I got off the phone with the border people in Canada and they said I need to get all my wife's jewelry appraised! Called around and it costs $150 for three rings to get them appraised. We don't have much in the way of jewelry, just a small hand full. Plus I have some gold and a TON silver coins. How on earth am I going to get all that appraised? 

Anyone else have to get all their "valuables" appraised? Is this really necessary since my wedding ring is basically part of my body now?


----------



## Raymapleleaf (Nov 1, 2008)

*hi this looks over the top?*



nmreich said:


> I got off the phone with the border people in Canada and they said I need to get all my wife's jewelry appraised! Called around and it costs $150 for three rings to get them appraised. We don't have much in the way of jewelry, just a small hand full. Plus I have some gold and a TON silver coins. How on earth am I going to get all that appraised?
> 
> Anyone else have to get all their "valuables" appraised? Is this really necessary since my wedding ring is basically part of my body now?

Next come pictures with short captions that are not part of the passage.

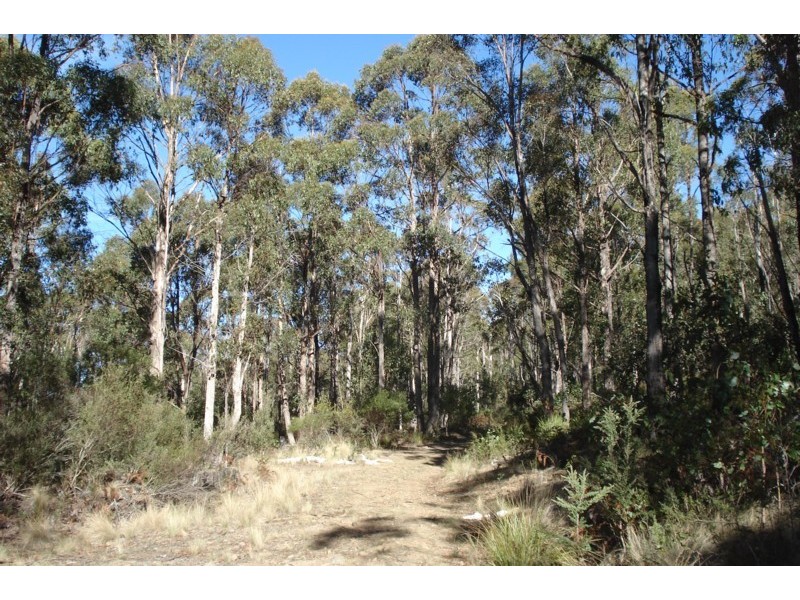 1140 Bluff Road, Elderslie TAS 7030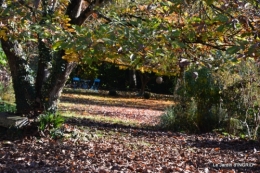 Romefort,bord de Creuse,vent,feuilles,jardin,canal 091.JPG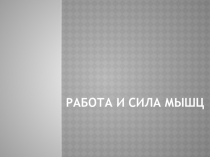 Работа и сила мышц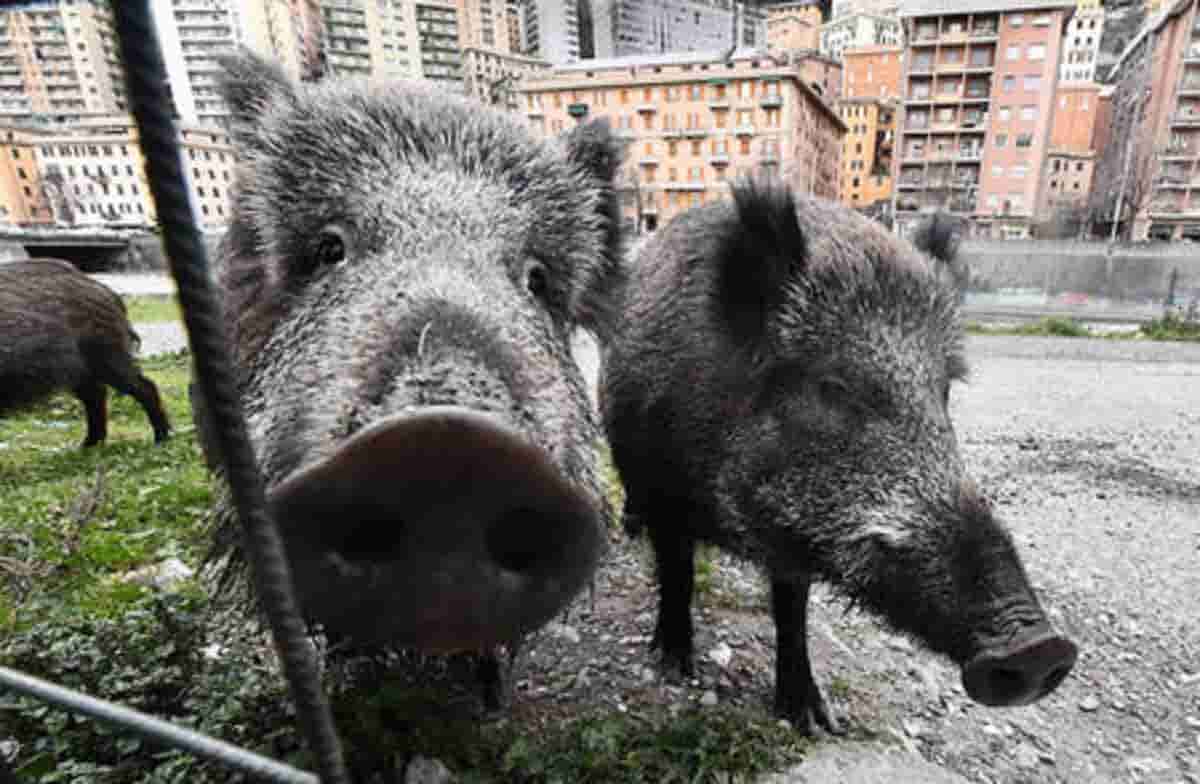 Cinghiali, Coldiretti: nell'ultimo anno sulle strade italiane un incidente ogni 41 ore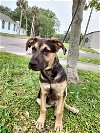 adoptable Dog in sanford, FL named Berkeley *FH*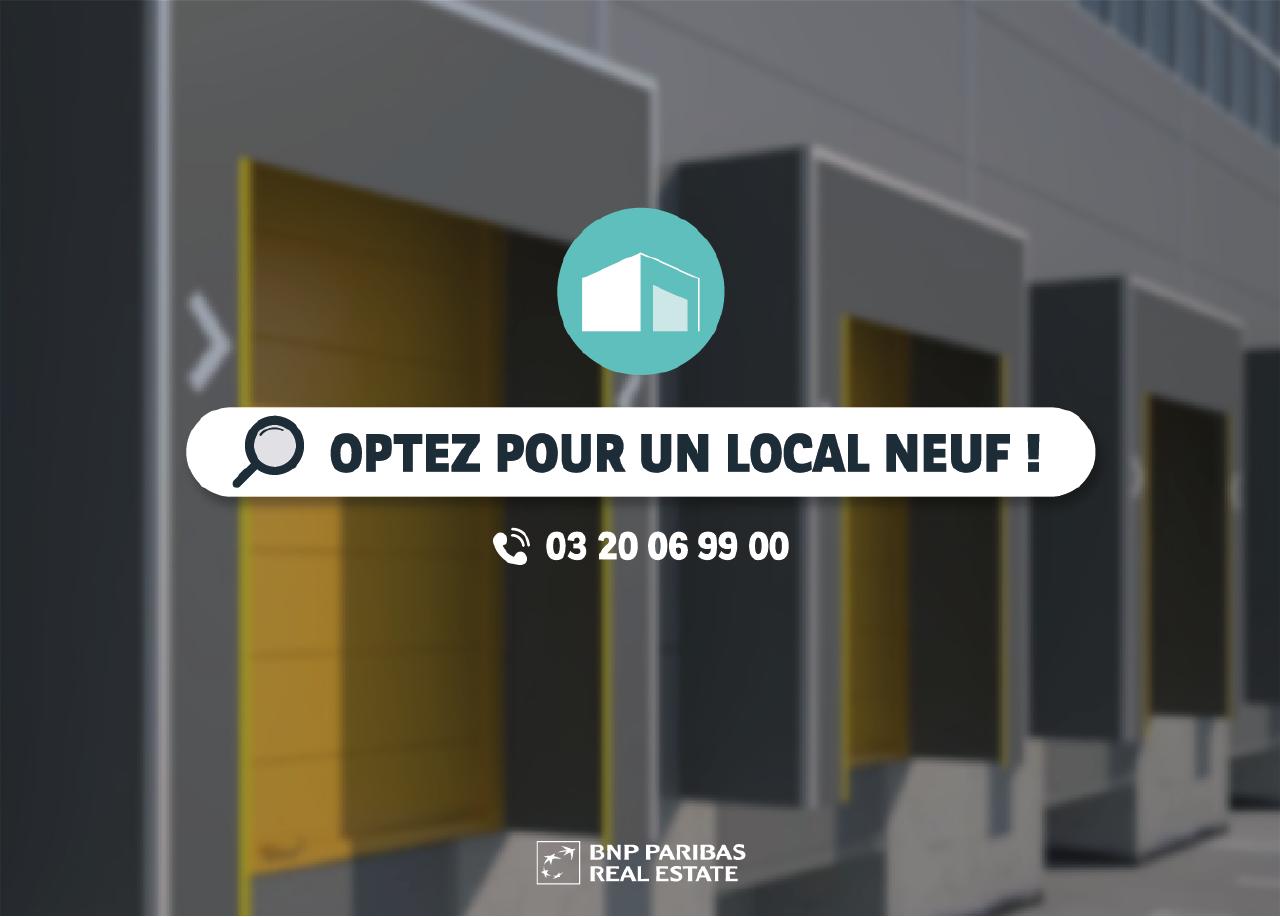 Local d'activité Willems 7309m² Vente local d'activité Willems Nord OVACT2423723 12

this can not be needed i have not read this on the P.R forms


----------



## nmreich (Feb 16, 2009)

Raymapleleaf said:


> this can not be needed i have not read this on the P.R forms


Hmmm.... technically it is not part of the Permanent Resident application, HOWEVER since I am importing all of my belongings, then technically under form B4A I must declare approximate value - and specifically for jewelery I am supposed to have it appraised and photos taken by the appraiser. Canada immigration is nuts. Too many little details. 

My wife's permanent resident application is now at 127 PAGES LONG!


----------



## nmreich (Feb 16, 2009)

Here is the link:

Settlement.Org Links to: http://www.cbsa-asfc.gc.ca/publications/pub/rc4151-eng.html

Here is the statement:



> Since jewellry is difficult to describe accurately, it is best to use the wording from your insurance policy or jeweller’s appraisal and to include photographs that have been dated and signed by the jeweller or a gemologist. You should describe each item of jewellry on the list of goods you submit. This information makes it easier to identify them when you first enter Canada, and later on when you return from a trip abroad with this jewellry.


----------



## misrahmita (May 17, 2011)

thanks for your sharing........................


----------



## DavidHudson (Apr 7, 2010)

Wait till our things arrive on 26th and I'll let you know if we have a problem. Things that are on your person I can't imagine would be a problem and we haven't had jewellery appraised and it's too late now as it's on the high seas in a crate.


----------